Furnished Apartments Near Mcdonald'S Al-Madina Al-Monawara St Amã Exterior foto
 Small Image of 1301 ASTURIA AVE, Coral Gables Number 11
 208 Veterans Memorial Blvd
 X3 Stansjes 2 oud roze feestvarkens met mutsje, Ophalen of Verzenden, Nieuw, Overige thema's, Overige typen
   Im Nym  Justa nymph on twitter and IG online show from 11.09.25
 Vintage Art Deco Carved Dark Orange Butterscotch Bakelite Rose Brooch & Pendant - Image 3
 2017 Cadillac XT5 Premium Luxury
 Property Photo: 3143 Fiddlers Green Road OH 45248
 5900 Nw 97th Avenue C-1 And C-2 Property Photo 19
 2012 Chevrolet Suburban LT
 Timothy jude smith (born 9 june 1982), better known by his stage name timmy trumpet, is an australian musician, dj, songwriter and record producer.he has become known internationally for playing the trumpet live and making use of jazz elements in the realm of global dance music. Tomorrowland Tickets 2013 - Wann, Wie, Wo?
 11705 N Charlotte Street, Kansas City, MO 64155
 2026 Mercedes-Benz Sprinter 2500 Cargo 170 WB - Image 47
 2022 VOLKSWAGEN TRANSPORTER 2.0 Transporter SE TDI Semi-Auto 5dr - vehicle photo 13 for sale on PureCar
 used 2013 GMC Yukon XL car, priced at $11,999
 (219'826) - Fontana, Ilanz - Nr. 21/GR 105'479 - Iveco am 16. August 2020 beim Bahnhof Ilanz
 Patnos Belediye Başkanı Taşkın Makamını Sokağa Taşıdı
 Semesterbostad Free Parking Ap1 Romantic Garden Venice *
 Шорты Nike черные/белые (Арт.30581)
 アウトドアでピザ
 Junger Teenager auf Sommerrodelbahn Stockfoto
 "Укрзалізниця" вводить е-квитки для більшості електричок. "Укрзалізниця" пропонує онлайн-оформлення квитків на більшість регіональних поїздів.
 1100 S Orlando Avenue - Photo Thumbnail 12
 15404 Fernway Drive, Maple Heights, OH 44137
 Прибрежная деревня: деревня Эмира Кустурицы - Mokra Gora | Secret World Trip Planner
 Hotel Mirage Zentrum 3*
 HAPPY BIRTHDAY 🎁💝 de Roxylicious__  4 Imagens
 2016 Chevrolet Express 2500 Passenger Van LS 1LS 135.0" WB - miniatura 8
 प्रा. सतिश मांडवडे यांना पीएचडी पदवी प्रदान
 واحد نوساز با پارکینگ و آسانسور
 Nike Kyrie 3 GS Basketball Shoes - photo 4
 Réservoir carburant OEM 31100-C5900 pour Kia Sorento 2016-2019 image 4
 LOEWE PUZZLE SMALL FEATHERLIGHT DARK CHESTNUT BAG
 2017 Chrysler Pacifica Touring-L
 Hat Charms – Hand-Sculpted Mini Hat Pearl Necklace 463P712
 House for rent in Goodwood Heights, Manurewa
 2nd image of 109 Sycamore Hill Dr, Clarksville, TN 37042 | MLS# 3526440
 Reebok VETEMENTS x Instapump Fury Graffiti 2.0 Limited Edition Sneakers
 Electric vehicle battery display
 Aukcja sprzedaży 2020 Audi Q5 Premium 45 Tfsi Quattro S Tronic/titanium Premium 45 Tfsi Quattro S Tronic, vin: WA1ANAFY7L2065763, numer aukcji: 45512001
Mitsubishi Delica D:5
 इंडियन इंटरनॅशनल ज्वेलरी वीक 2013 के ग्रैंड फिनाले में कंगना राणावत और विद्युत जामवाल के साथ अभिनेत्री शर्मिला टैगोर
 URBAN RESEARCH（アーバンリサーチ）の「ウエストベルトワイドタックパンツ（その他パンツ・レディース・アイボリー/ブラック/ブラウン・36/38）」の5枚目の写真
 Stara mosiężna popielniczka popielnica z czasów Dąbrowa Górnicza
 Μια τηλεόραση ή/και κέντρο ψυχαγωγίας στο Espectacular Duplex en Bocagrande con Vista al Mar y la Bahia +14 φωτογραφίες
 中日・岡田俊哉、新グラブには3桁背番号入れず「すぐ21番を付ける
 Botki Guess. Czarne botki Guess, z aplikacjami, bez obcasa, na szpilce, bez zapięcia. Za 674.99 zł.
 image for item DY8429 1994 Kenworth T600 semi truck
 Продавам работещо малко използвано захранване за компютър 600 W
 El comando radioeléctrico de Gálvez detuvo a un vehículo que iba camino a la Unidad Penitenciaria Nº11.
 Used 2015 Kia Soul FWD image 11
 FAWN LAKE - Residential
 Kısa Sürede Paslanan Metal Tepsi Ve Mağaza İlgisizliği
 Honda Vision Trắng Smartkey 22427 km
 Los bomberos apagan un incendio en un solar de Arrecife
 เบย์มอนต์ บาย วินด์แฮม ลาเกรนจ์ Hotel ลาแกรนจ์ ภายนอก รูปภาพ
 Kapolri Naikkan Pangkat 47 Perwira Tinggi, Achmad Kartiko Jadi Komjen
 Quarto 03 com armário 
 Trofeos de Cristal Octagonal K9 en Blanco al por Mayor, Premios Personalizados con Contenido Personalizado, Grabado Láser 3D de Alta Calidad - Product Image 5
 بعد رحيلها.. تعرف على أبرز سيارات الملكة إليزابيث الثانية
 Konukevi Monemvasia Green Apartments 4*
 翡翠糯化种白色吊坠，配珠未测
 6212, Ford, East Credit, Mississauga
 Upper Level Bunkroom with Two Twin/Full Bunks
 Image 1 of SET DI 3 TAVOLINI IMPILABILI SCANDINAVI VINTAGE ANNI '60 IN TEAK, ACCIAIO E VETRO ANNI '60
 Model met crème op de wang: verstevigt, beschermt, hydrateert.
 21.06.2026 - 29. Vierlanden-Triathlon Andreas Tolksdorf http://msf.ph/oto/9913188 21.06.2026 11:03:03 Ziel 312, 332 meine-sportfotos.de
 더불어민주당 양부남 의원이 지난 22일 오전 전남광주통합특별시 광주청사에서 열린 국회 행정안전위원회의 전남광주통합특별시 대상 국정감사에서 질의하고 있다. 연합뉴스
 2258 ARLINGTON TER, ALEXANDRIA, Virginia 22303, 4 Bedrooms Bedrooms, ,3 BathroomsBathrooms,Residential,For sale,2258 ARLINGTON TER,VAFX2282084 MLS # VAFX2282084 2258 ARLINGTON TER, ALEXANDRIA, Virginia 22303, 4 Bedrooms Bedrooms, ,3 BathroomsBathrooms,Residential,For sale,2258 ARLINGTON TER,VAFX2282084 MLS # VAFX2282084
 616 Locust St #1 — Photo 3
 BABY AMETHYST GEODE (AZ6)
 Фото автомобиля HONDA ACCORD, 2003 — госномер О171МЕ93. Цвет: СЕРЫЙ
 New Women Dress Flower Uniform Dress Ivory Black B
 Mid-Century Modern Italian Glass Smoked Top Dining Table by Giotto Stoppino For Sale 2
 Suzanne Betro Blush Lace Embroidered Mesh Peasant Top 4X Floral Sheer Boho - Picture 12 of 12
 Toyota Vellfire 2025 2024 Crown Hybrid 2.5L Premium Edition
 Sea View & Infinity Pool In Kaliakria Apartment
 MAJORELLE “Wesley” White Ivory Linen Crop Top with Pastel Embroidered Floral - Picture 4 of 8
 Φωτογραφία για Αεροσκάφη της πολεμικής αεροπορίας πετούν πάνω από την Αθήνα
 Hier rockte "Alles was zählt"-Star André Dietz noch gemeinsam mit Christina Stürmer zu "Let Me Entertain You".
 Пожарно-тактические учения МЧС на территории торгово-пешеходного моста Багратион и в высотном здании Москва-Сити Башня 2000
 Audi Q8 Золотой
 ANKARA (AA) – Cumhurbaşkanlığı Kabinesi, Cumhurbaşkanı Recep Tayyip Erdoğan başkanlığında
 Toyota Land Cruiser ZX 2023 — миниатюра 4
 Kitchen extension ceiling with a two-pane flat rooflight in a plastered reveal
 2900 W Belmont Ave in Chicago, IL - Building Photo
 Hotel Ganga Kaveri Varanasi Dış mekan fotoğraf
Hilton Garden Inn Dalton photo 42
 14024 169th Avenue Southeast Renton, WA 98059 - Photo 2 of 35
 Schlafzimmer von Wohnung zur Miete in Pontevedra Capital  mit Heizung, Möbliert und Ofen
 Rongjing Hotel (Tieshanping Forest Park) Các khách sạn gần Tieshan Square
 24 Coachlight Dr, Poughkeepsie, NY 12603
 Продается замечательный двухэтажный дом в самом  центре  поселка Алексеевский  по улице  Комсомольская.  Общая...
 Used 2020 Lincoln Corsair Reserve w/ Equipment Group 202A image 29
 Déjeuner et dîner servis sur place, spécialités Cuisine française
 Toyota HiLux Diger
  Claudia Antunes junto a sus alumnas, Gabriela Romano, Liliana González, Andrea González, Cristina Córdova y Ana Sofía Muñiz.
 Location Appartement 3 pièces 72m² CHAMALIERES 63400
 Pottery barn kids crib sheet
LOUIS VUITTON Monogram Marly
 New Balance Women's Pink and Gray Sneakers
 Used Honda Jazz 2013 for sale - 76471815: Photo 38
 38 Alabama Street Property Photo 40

________________

Work item →
Using only the listing above, restate exactly the lines from the line containing "Toyota Land Cruiser ZX 2023 — миниатюра 4" through the line containing "Toyota HiLux Diger", both included.

Answer to this task →
 Toyota Land Cruiser ZX 2023 — миниатюра 4
 Kitchen extension ceiling with a two-pane flat rooflight in a plastered reveal
 2900 W Belmont Ave in Chicago, IL - Building Photo
 Hotel Ganga Kaveri Varanasi Dış mekan fotoğraf
Hilton Garden Inn Dalton photo 42
 14024 169th Avenue Southeast Renton, WA 98059 - Photo 2 of 35
 Schlafzimmer von Wohnung zur Miete in Pontevedra Capital  mit Heizung, Möbliert und Ofen
 Rongjing Hotel (Tieshanping Forest Park) Các khách sạn gần Tieshan Square
 24 Coachlight Dr, Poughkeepsie, NY 12603
 Продается замечательный двухэтажный дом в самом  центре  поселка Алексеевский  по улице  Комсомольская.  Общая...
 Used 2020 Lincoln Corsair Reserve w/ Equipment Group 202A image 29
 Déjeuner et dîner servis sur place, spécialités Cuisine française
 Toyota HiLux Diger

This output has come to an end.